City of Snohomish v. Joslin

Decision Date06 August 1973
Docket NumberNo. 1831--42344--I,1831--42344--I
Citation513 P.2d 293,9 Wn.App. 495
PartiesCITY OF SNOHOMISH, a Municipal Corporation, Respondent, v. Gerald JOSLIN and Jane Doe Joslin, his wife, and the marital community composed by them, Appellants.
CourtWashington Court of Appeals

Kafer, Wilson & Luchini, Benjamin A. Luchini, Everett, for appellants.

Richard J. Thompson, City Atty., Snohomish, for respondent.

JAMES, Judge.

Upon discovering that defendant Joslin's residence encroached approximately 10 feet upon the city's Pine Street, the City of Snohomish brought this action seeking an abatement. Joslin cross-claimed asserting that, by the construction of Maple Street, an undedicated roadway, the city had encroached upon the easterly 12 feet of his property and upon the triangular-shaped southern tip of the property where Pine and Maple Streets converge. The trial judge resolved the issues by: (1) directing a verdict in favor of the city abating Joslin's encroachment upon Pine Street; (2) directing a verdict confirming the city's prescriptive title to the easterly 12-foot strip; (3) ruling that the city's claimed prescriptive title to the southerly tip of the property had not ripened and instructing that Joslin was entitled to 'just compensation' therefor.

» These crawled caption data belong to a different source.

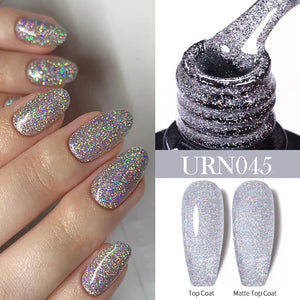 Vernis semi-permanent - UR SUGAR 7,5ml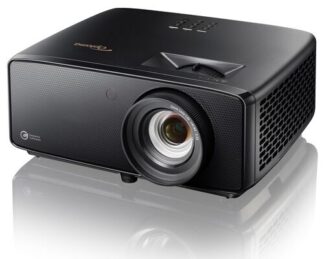 Videoproiettore Videoproiettore Optoma E3P7P61E1112 HOME ENTERTAINMENT UZ38X Black (ord.min.1.00 unità)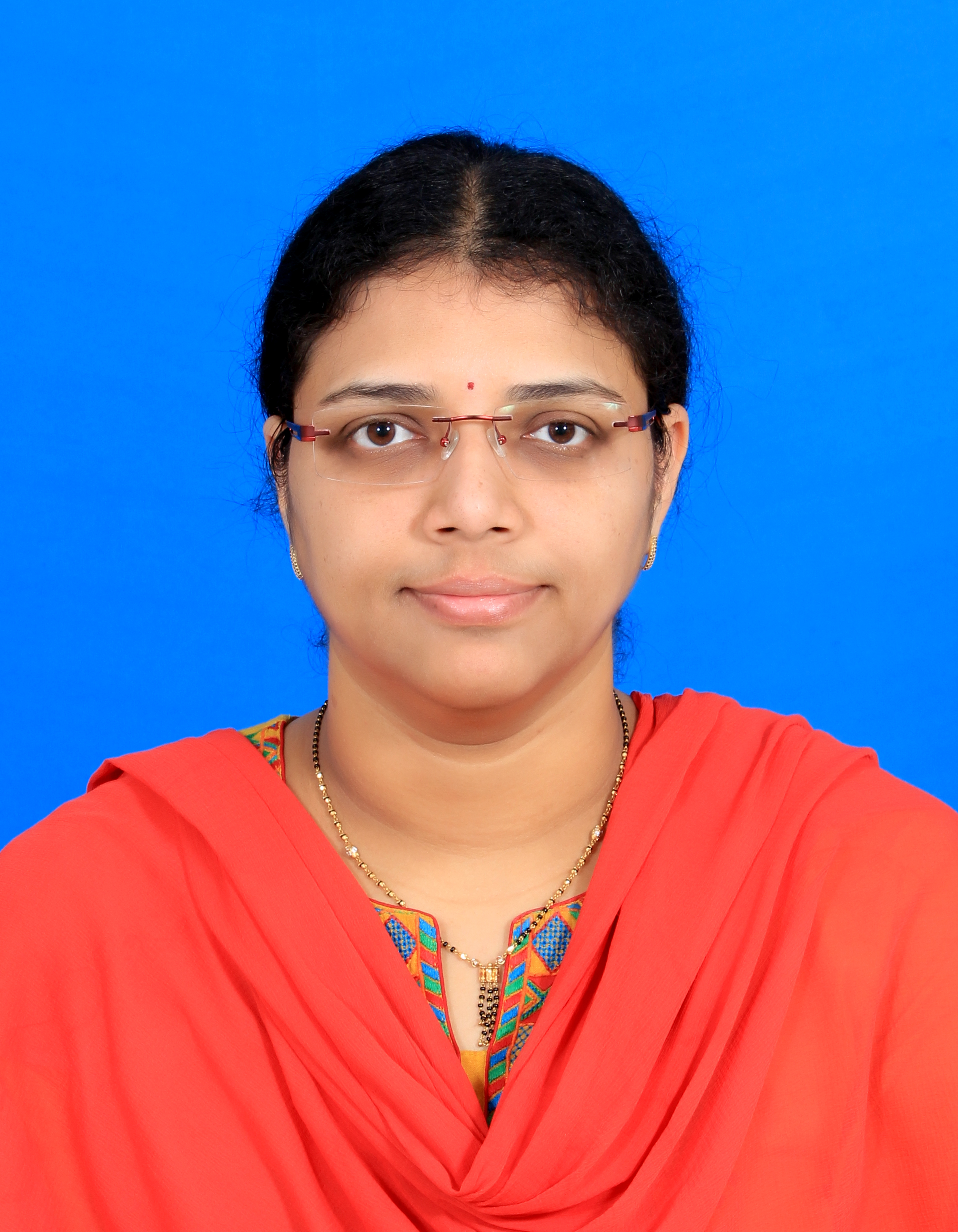 Vijayalakshmi Nuthakki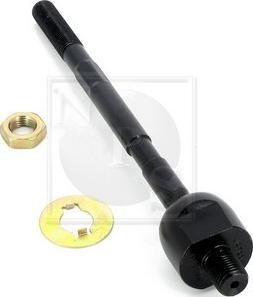 NPS T410A53 - Rotule de direction intérieure, barre de connexion droxauto.com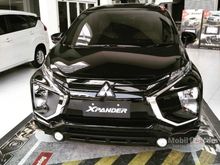 2018 Mitsubishi Xpander. all tipe siap KIRIM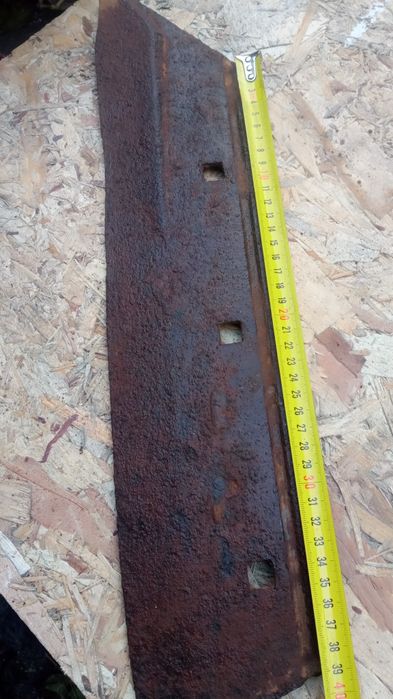 Леміх/ лемех до плуга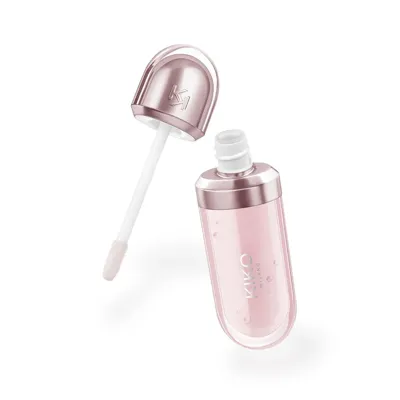 Kiko Milano Dudak Nemlendiricisi - 3D Hydra Lip Oil - 03 Glossed Glass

Joslin's appeal presents only two questions.

I. DOES A MUNICIPAL CORPORATION'S ACQUISITION OF TITLE TO PRIVATE LANDS BY PRESCRIPTION DEFEAT AN OWNER'S CONSTITUTIONAL RIGHT TO JUST COMPENSATION AS REQUIRED BY ARTICLE 1, SECTION 16, AND AMENDMENT 9 OF THE WASHINGTON STATE CONSTITUTION?

Joslin does not appeal the trial judge's ruling that the city had acquired title to the 12-foot strip by prescription. He assigns error only to the ruling that the loss of the 12-foot strip is not compensable.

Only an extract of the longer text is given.